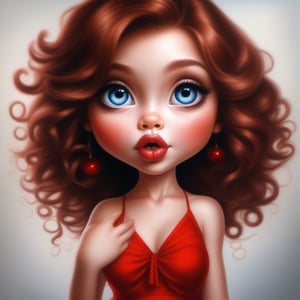   Photorealistic oil painting done in airbrush technique depicting a woman in cartoon chibi style, with tousled textured curly reddish-brown hair, big blue eyes, wearing a red dress and black strappy heels. She is blowing a kiss. On a white white background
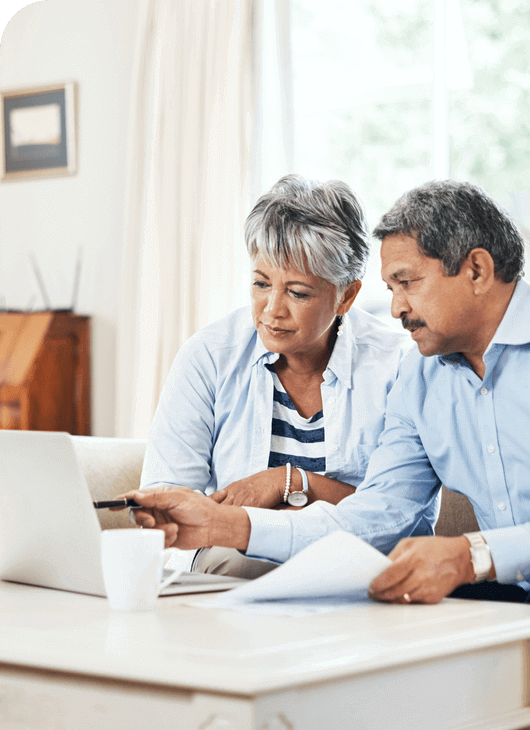 Couple planning retirement together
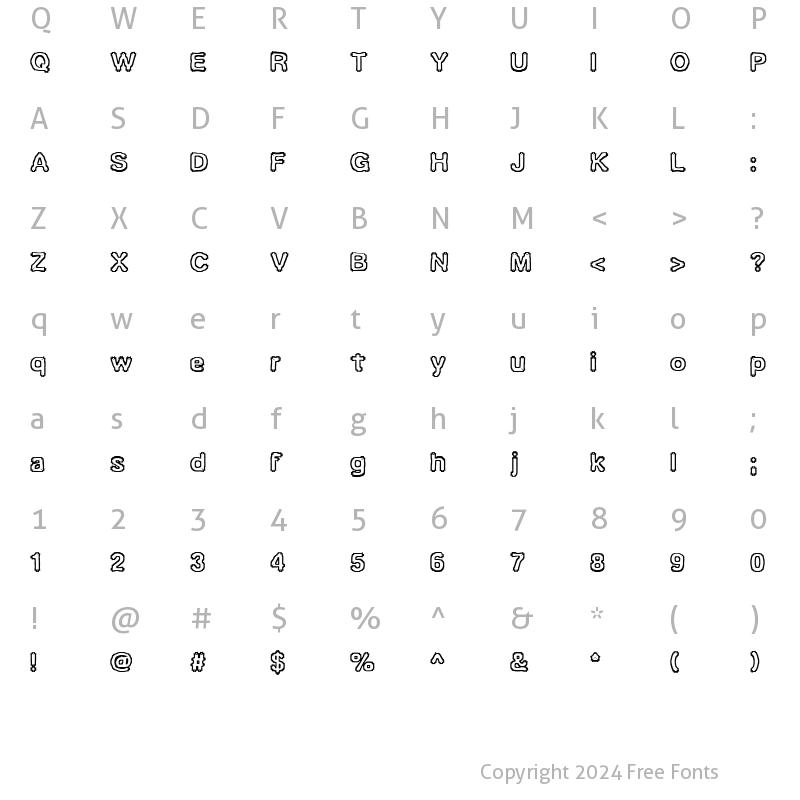 Character Map of Ubiquity (BRK) Regular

════

→ **Work order**: The listing above must be repeated exactly. Its pictures are not part of the copy.

→ **Answer box**:
   Photorealistic oil painting done in airbrush technique depicting a woman in cartoon chibi style, with tousled textured curly reddish-brown hair, big blue eyes, wearing a red dress and black strappy heels. She is blowing a kiss. On a white white background
 Couple planning retirement together
 Character Map of Ubiquity (BRK) Regular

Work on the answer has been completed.